The symptoms of acute angle closure, an emergency event that can lead to irreversible blindness without timely treatment, are diverse. Initially, these can be interpreted as internal or neurological diseases if headaches, pupil rigidity or nausea are in the foreground. The aim of our study was to assess the rate of harming and invasive diagnostics after primary presentation of patients with acute primary angle closure to nonophthalmologists.
Retrospective single center study of patients with acute primary angle closure. To analyze these patients, all patients who were treated by surgical iridectomy (5-133.0) or iridotomy by laser (5-136.1) in the period 2014-2018 at the Eye Center at Medical Center, University of Freiburg (Germany), were identified. Subsequently, data analysis was carried out through file inspection to check the inclusion and exclusion criteria and the course of the disease.
In total, 91 patients with acute primary angle closure were included. Of these, 28% (n = 25) initially presented to nonophthalmological disciplines. In this patient group 56% (n = 11) received nontargeted diagnostics, with cranial imaging in 32% (n = 8) and lumbar puncture in 8% (n = 2).

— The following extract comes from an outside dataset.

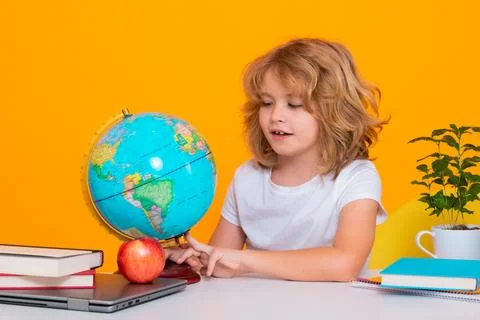 Nerd pupil boy from elementary school with book isolated on yellow studio Stock Photos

Acute primary angle closure is associated with a high rate of nontargeted diagnostics by nonophthalmologists. Therefore, the clinical picture of acute angle closure should be in mind across all disciplines. With unspecific symptoms such as headaches, nausea and vomiting as well as pupil rigidity, the possibility of an acute increase in intraocular pressure caused by acute angle closure must be considered and early consultation with an ophthalmologist is recommended.